Pour le calculer, vous devez déterminer en premier le nombre d'actions émises de la société. Ce nombre est toujours mentionné dans une note des états financiers. De plus, vous devriez rajouter à celui-ci, les actions additionnelles pouvant être émises suite à l'exercice de bons de souscription ou d'options, particulièrement, si leurs prix d'exercice se situent près ou en dessous de la valeur du marché. (Les bons et options permettent à un investisseur de se procurer des actions à un prix prédéterminé.)

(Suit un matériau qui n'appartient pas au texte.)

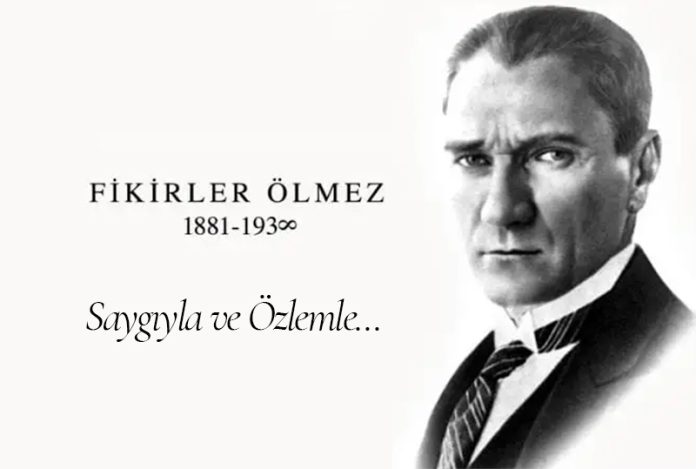 10 Kasım 1938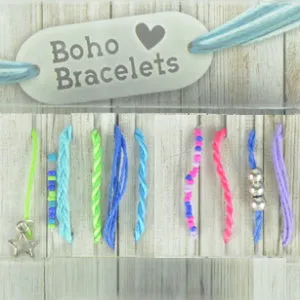 Boho Bracelets 2" Capsules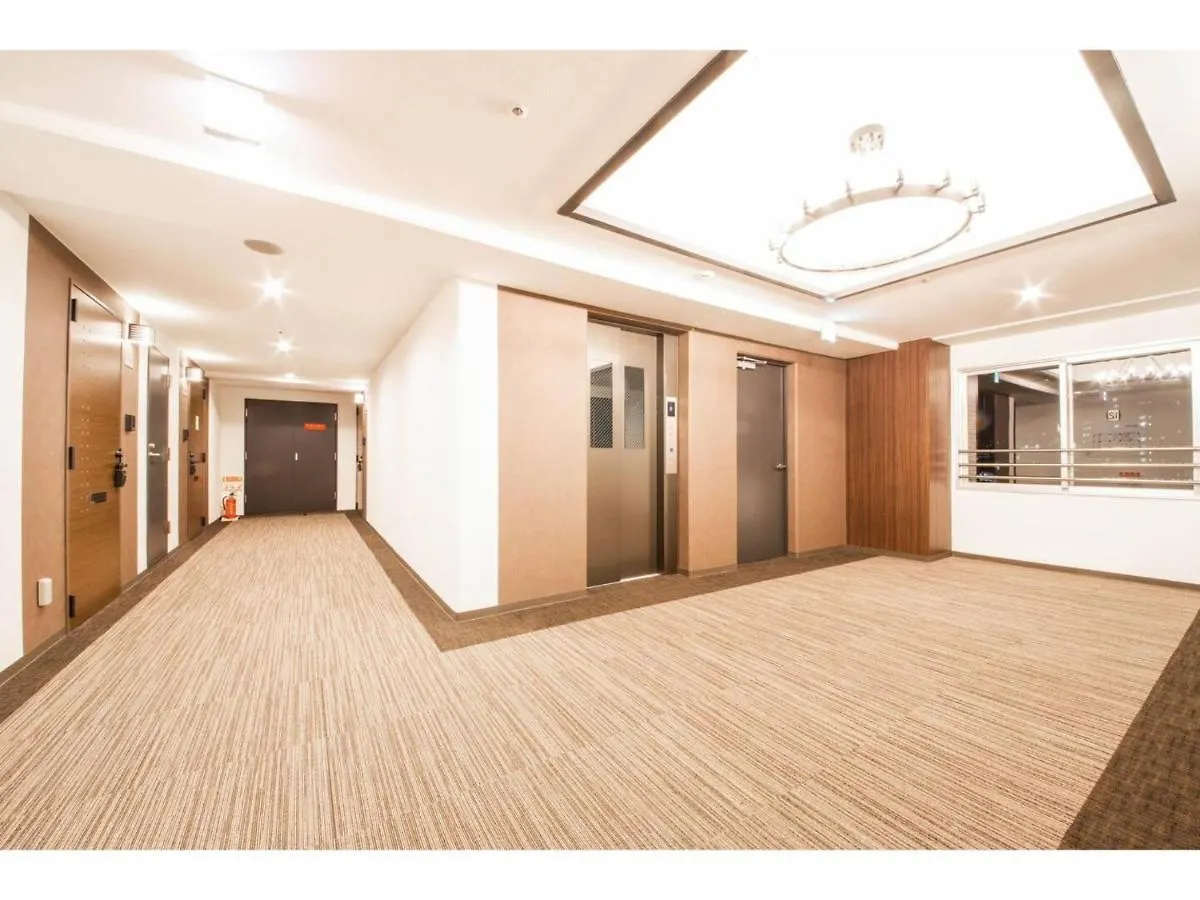 Bay Court Otaru Ocean Hills Room 1201 Glow - Vacation Stay 10013 Giappone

Armé du nombre d'actions en circulation, vous êtes maintenant en mesure de calculer le PSR. Celui-ci se calcule en divisant la capitalisation boursière d'une société par son chiffre d'affaires des douze derniers mois. La capitalisation représente le résultant obtenu en multipliant le nombre d'actions en circulation par son cours. (Il est possible sur le site de la bourse de Toronto d'obtenir la capitalisation boursière d'une société qui y est cotée. À titre d'exemple, voici la capitalisation boursière de Zarlink, tel que présenté sur ce site. )
Selon Kenneth L. Fisher, un réputé gestionnaire américain de portefeuilles, vous ne devriez jamais acheter une action dont le PSR est supérieur 0,40. On comprendra que ce dernier n'a jamais été un très chaud partisan de nombreux titres de la nouvelle économie qui s'échangeaient à plusieurs fois leurs ventes. D'ailleurs, la magie du PSR est de vous ramener les deux pieds sur terre. En fait, le PSR est très facile à comprendre. Un PSR de 2 signifie que l’action d’une société se transige à plus de 2 fois les ventes. En d’autres mots, seriez-vous prêt à payer 200 000 $ pour une entreprise dont le chiffre d’affaires est de 100 000 $. En considérant que celle-ci dégage une marge bénéficiaire nette de 10%, soit 10 000 $ par année, vous conviendrez que vous aurez de la difficulté à récupérer votre investissement ! Pour un PSR de 0,40, le prix que vous seriez prêt à payer est de 40 000 $. On constate que ce ratio permet de juger rapidement si la valeur d’une société est surévaluée. Bien que très utile, il s'applique mieux à des sociétés dont les ventes sont essentielles à leurs rentabilités. Ce ratio a très peu de signification par exemple pour les sociétés d'investissements (qui peuvent avoir des actifs importants et des revenus limités) et les titres des ressources naturelles (par exemple, les producteurs pétroliers et gaziers.)
En conclusion, le PSR peut vous permettre d’éviter bien des écueils particulièrement celui de tomber dans une vague spéculative. Cependant, l'investisseur se doit d'examiner d'autres ratios et renseignements pour approfondir son analyse (niveau d'endettement, valeur comptable, rendement sur le capital investi, flux de trésorerie par action, etc.)